El Estado y la genética de Dios

Signos

Por Salvador Montenegro

Muy bien: el Estado (todos se asumen como democráticos y representativos según la cultura y la idiosincrasia de sus naciones), a través de los representantes de ‘todo’ el pueblo en él (aunque ese ‘todo’ no deje de ser una abstracción que legitima la constitucionalidad hasta de los representantes populares más ilegítimos y menos representativos), decide si una mujer es o no dueña de su albedrío para decidir si un ser biológico concebido en sus entrañas puede o no seguir vivo en ellas a partir de continuar o no con su embarazo.

(Y aquí viene a cuento, una vez más, el debate setentero aquel en Cuba de cuando el Estado Revolucionario, dirigido esencialmente por Fidel Castro, rechazó el proyecto feminista presentado en la Asamblea Popular, respecto de esterilizar a las mujeres dementes ante la creciente incidencia de embarazos en dicho grupo poblacional, con el argumento castrista de que si esas mujeres susceptibles de quedar embarazadas no tenían voluntad ninguna respecto de sí mismas, por qué el Estado sí podría decidir arbitrariamente por ellas.)

El debate sobre el aborto es tan arcaico como el de la moral y su genética teológica vinculada al sexo. La oposición a él es la de la fe.
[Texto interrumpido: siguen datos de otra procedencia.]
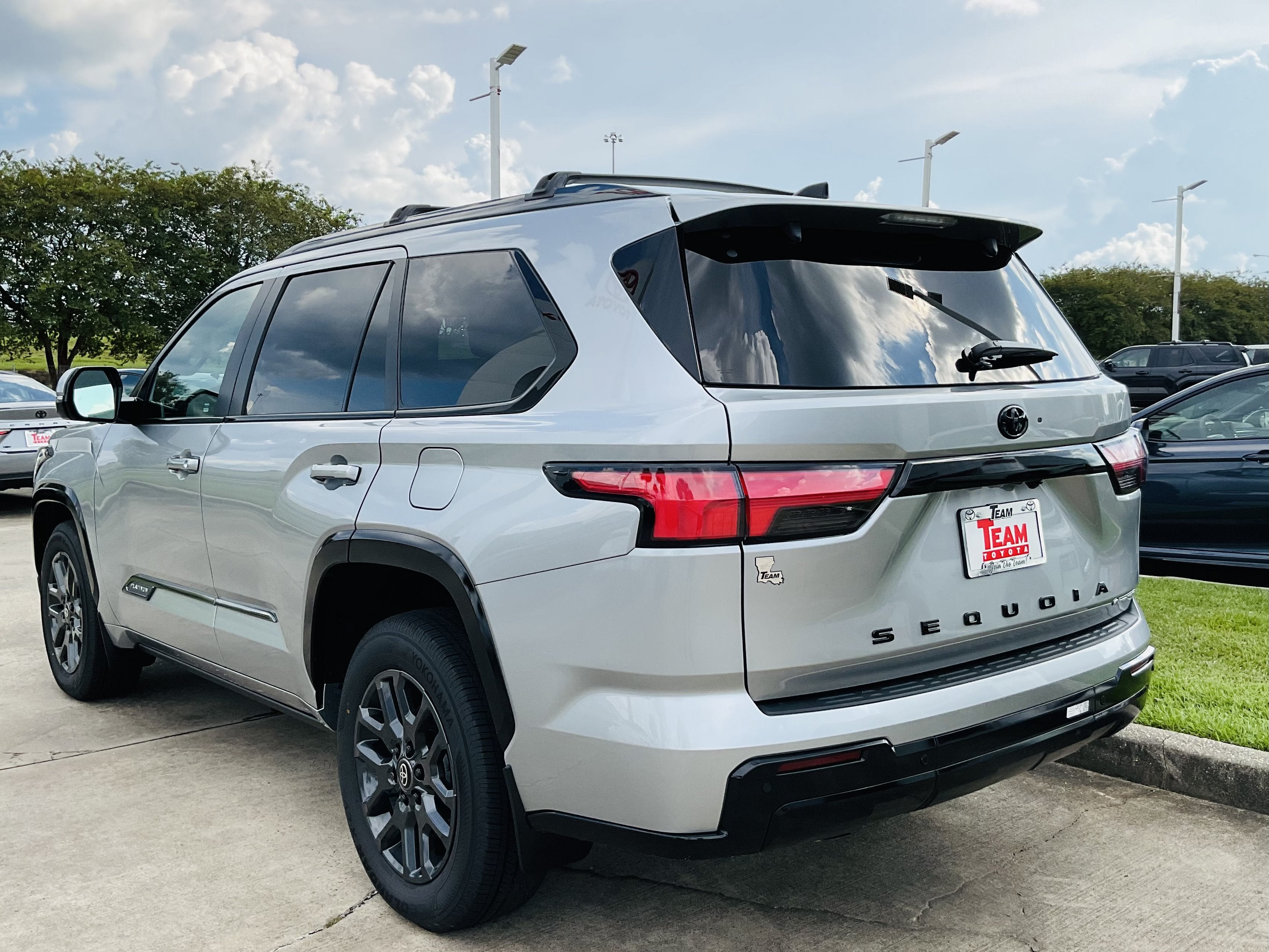 2026 Toyota Sequoia Platinum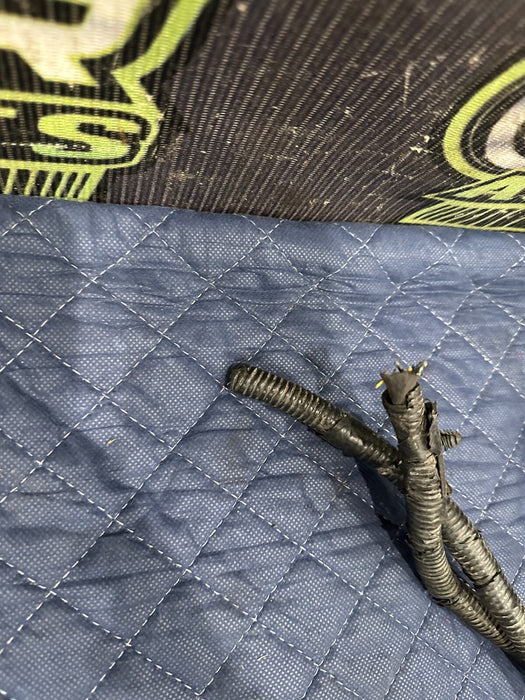 2017-2019 FORD F250 F350 F450 REAR BUMPER PARKING SENSOR HARNESS ~DAMAGE~ OEM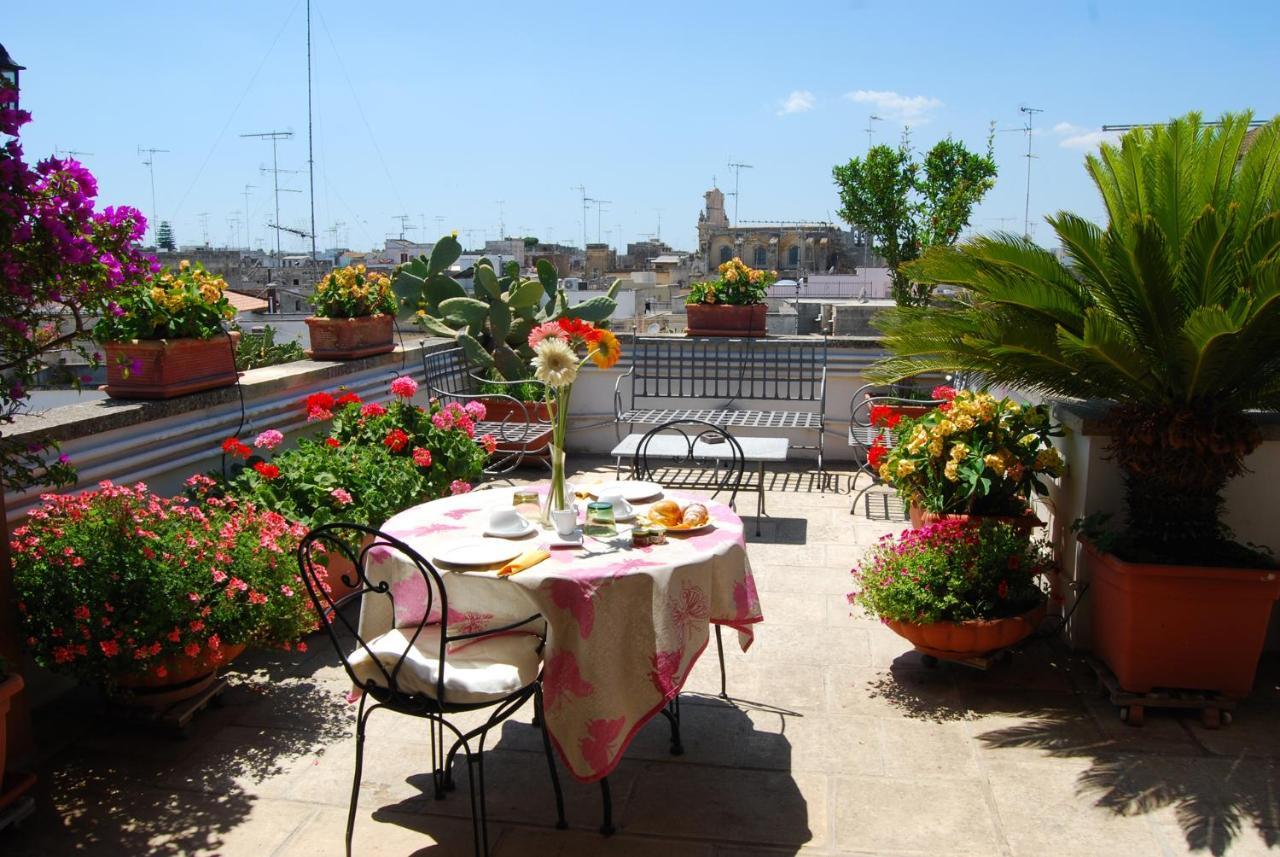 B&B Corte Barocca Lecce Ngoại thất bức ảnh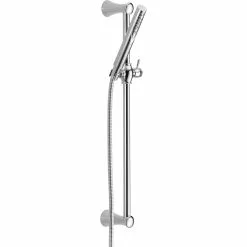 Delta Grail Slide Bar Hand Shower - Chrome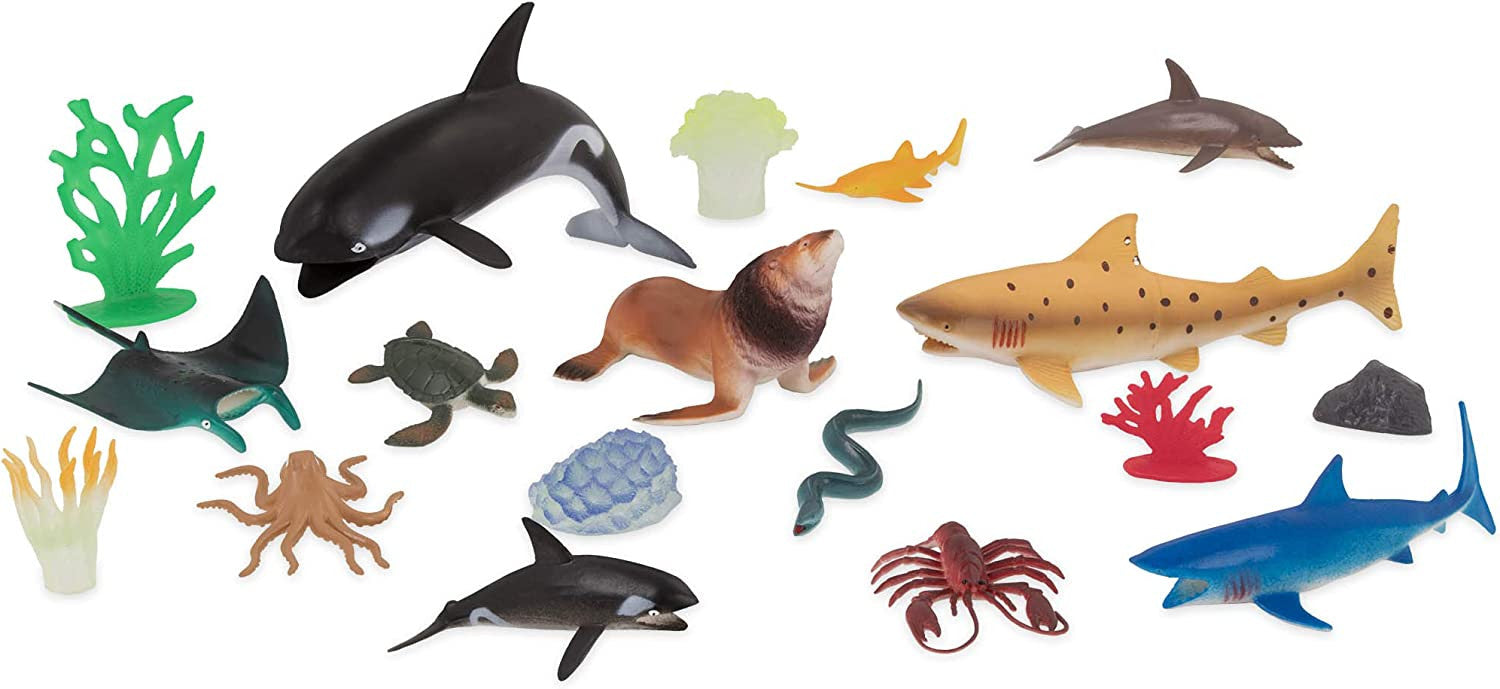 Cubo de animales marinos world - Terra by Battat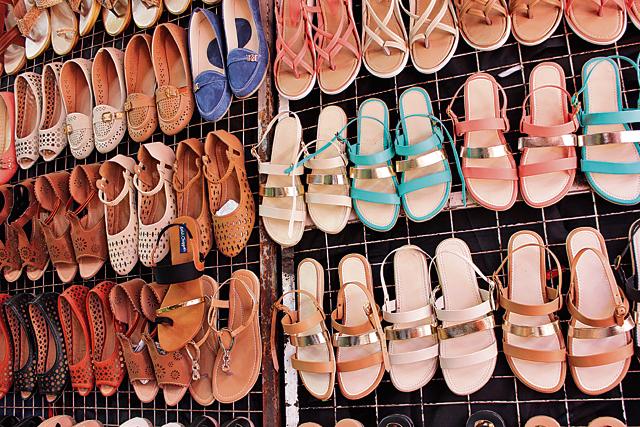 Footwear: Price Rs 90 (Riya Wadhwa)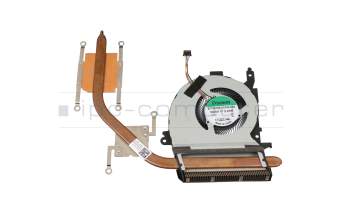 Ventilateur incl. refroidisseur (CPU) original pour Asus F556UJ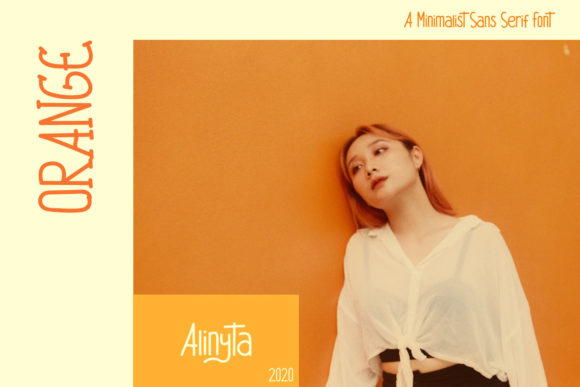 Alinyta Font - Preview 1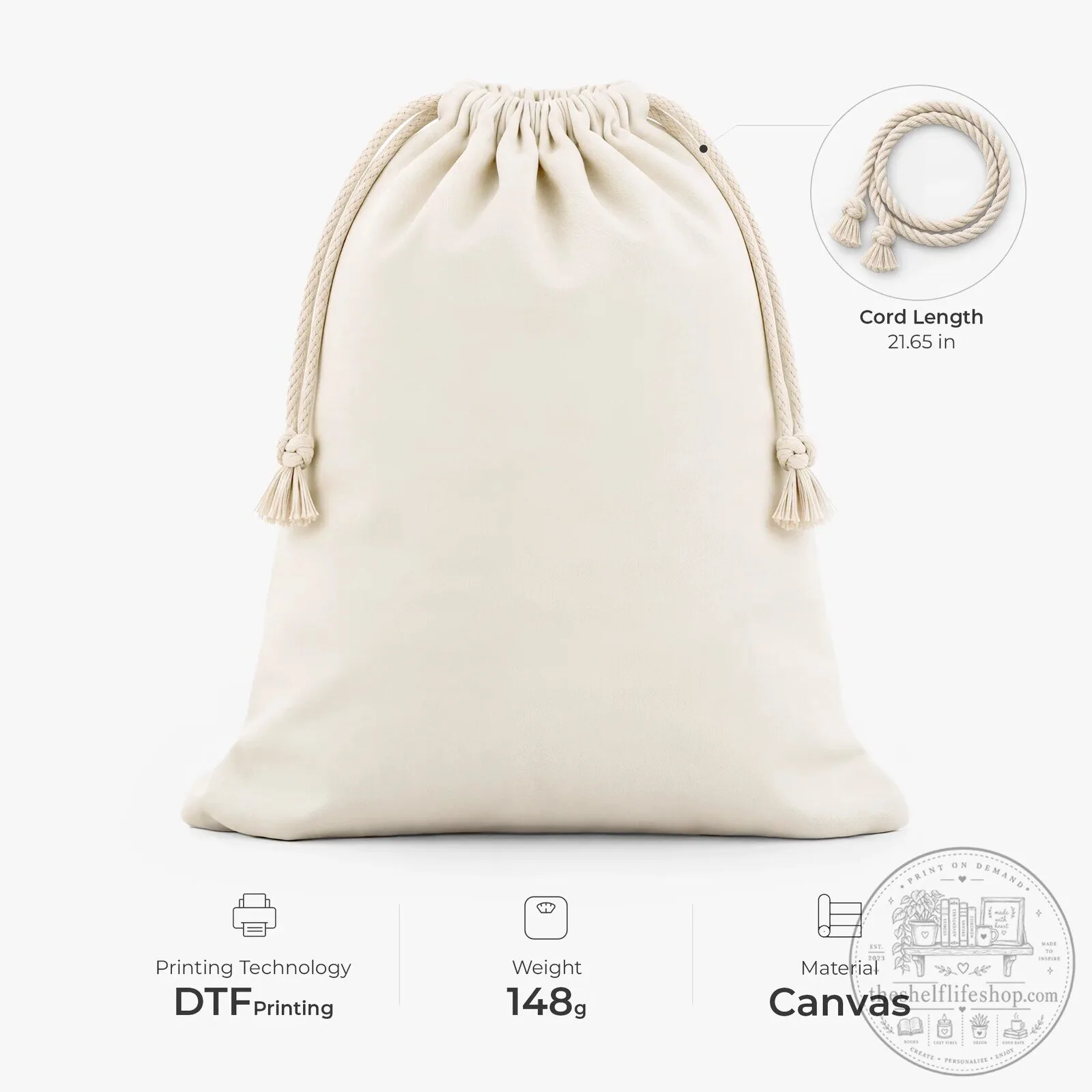 Dear Santa Big Sister Christmas Announcement Drawstring Gift Bag 12 Dear Santa Big Sister Christmas Announcement Drawstring Gift Bag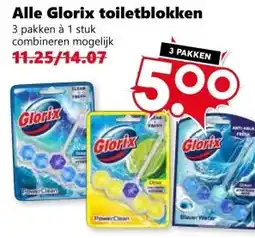 Coop Alle Glorix toiletblokken aanbieding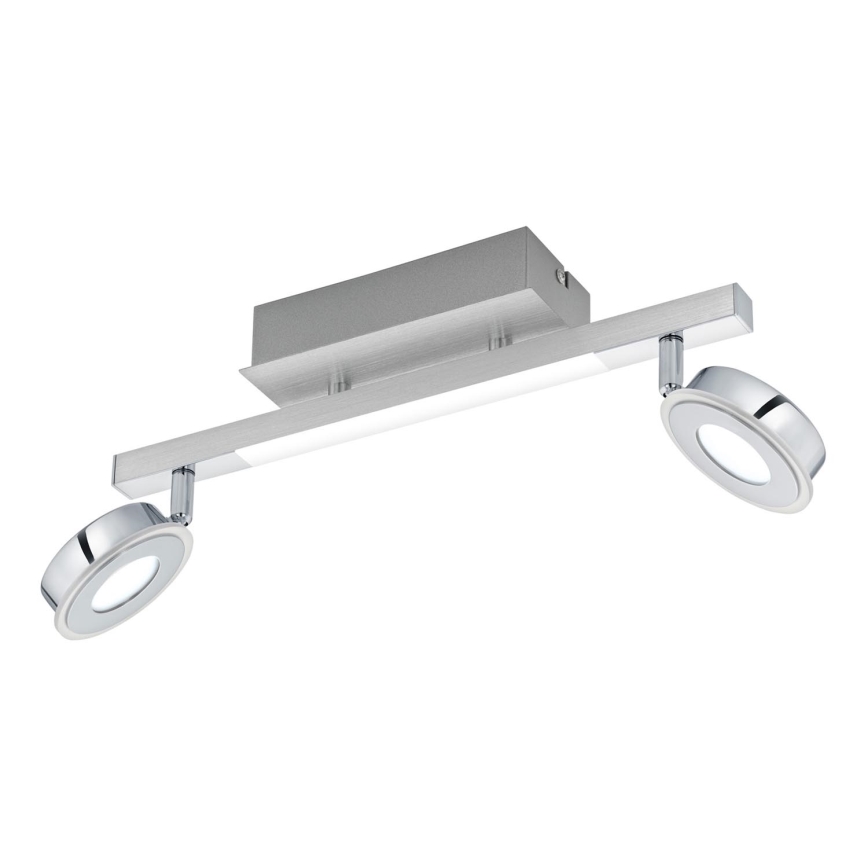 Eglo - Reflektorska lampa 2xLED/3,3W + LED/3,3W/230V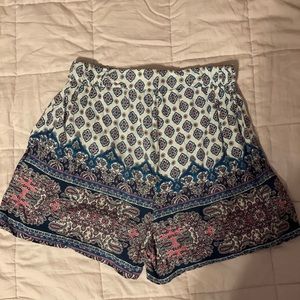 Geometric junior’s shorts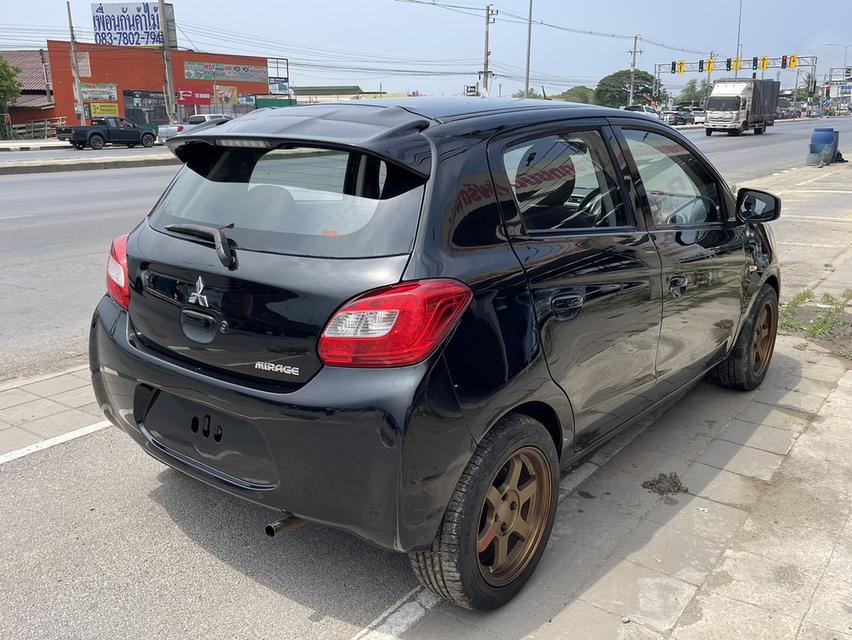 2013 Mitsubishi Mirage 1.2 GLS LTD Hatchback 5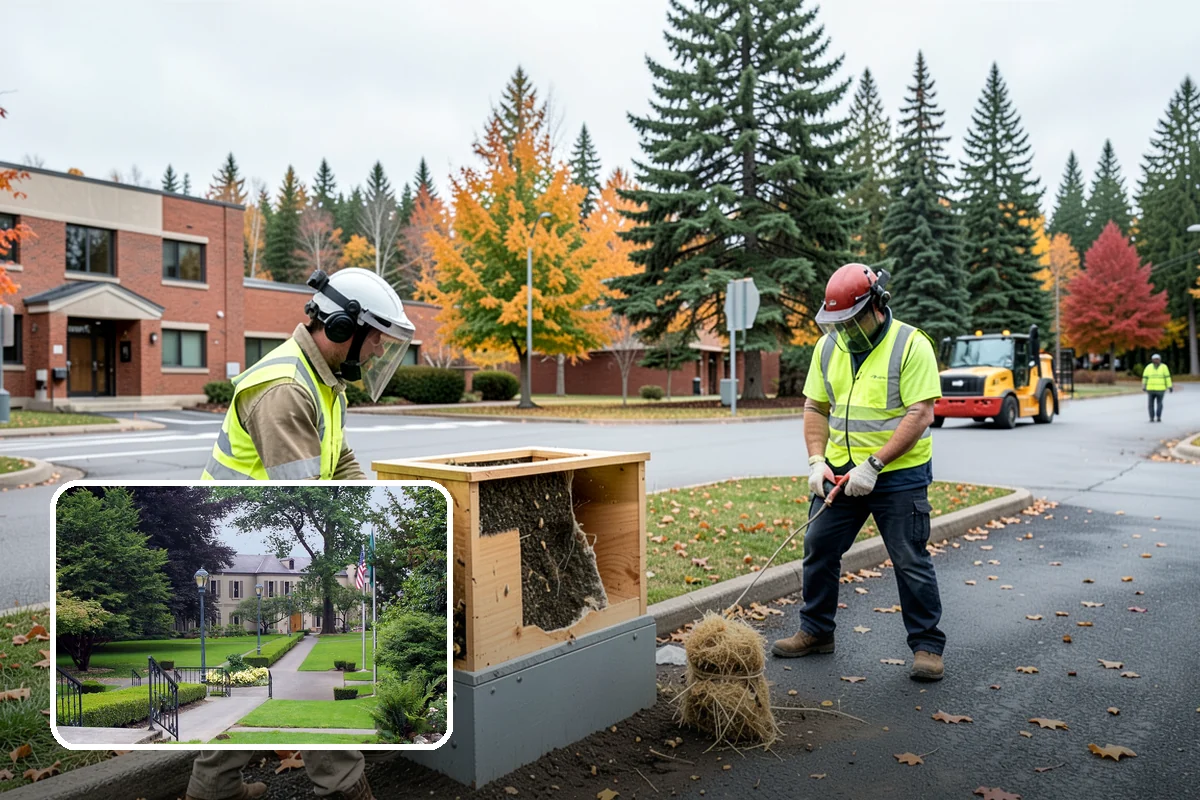 Volunteer Event Cleanup in Woodinville, King County, WA - Frees agency staff to focus on volunteer engagement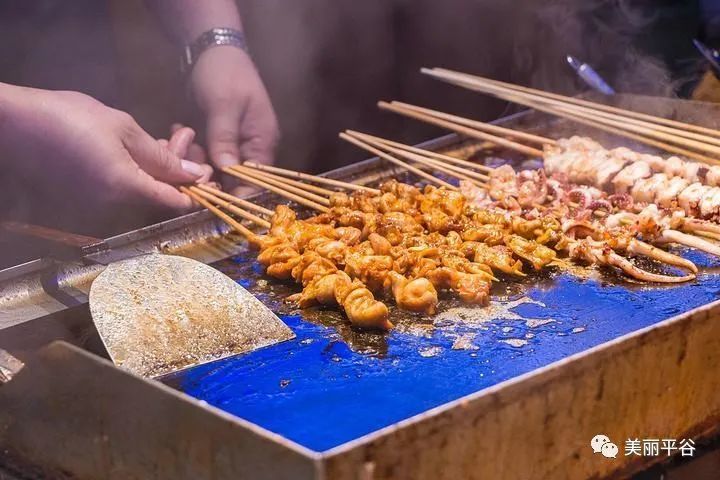 啤酒节|影像平谷：难忘撸串的日子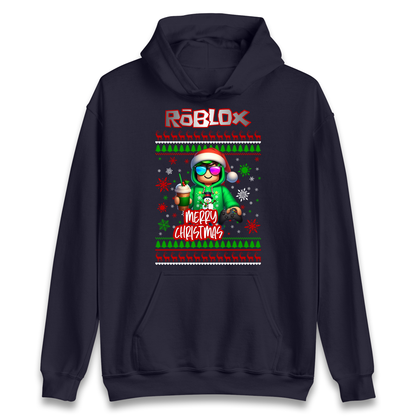 Roblox Merry Christmas Hoodie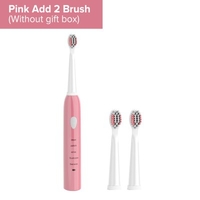 Powerful Ultrasonic Sonic Electric Toothbrush USB Rechargeable Tooth Brush Adult Electronic Washable Whitening Teeth Brush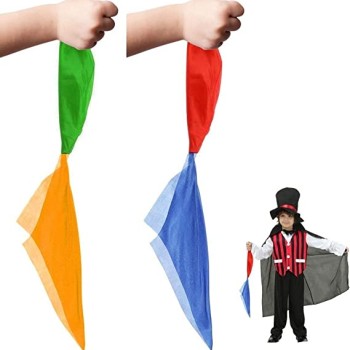 Renk Değiştiren Sihirli Mendil Sihirbazlık Oyunu 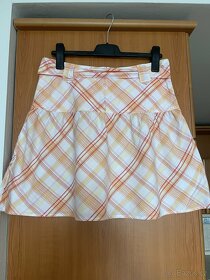 Letní sukně (2 barvy: růžová, oranžová viz. foto v inzerátu) - 4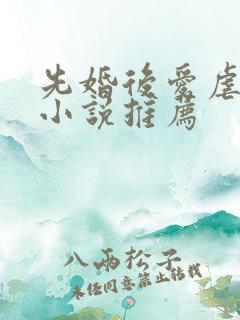 先婚后爱虐文类小说推荐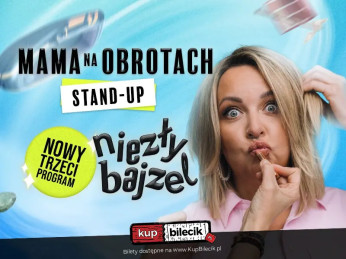 Miechów Wydarzenie Stand-up "Niezły bajzel" - NOWY PROGRAM 2026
La defensa de él es la que rechaza la fe en los asuntos del Estado (laicos deslactosados, ateos, etcétera).

El debate sobre si el Estado debe decidir si las mujeres gestantes deben decidir si sus óvulos fecundados evolucionan y son paridos o no como seres humanos, suele ser tan prejuicioso, y a menudo tan absurdo y ridículo, como el de la eutanasia, que acaso sea más importante que el del aborto porque, acá, se trata de seres vivos, conscientes y con voluntad de sobra para decidir sobre un destino terminal propio que, sin embargo, y también por designios de origen y naturaleza teológicos, está al margen de la voluntad de los individuos como tales y en poder de la del Estado.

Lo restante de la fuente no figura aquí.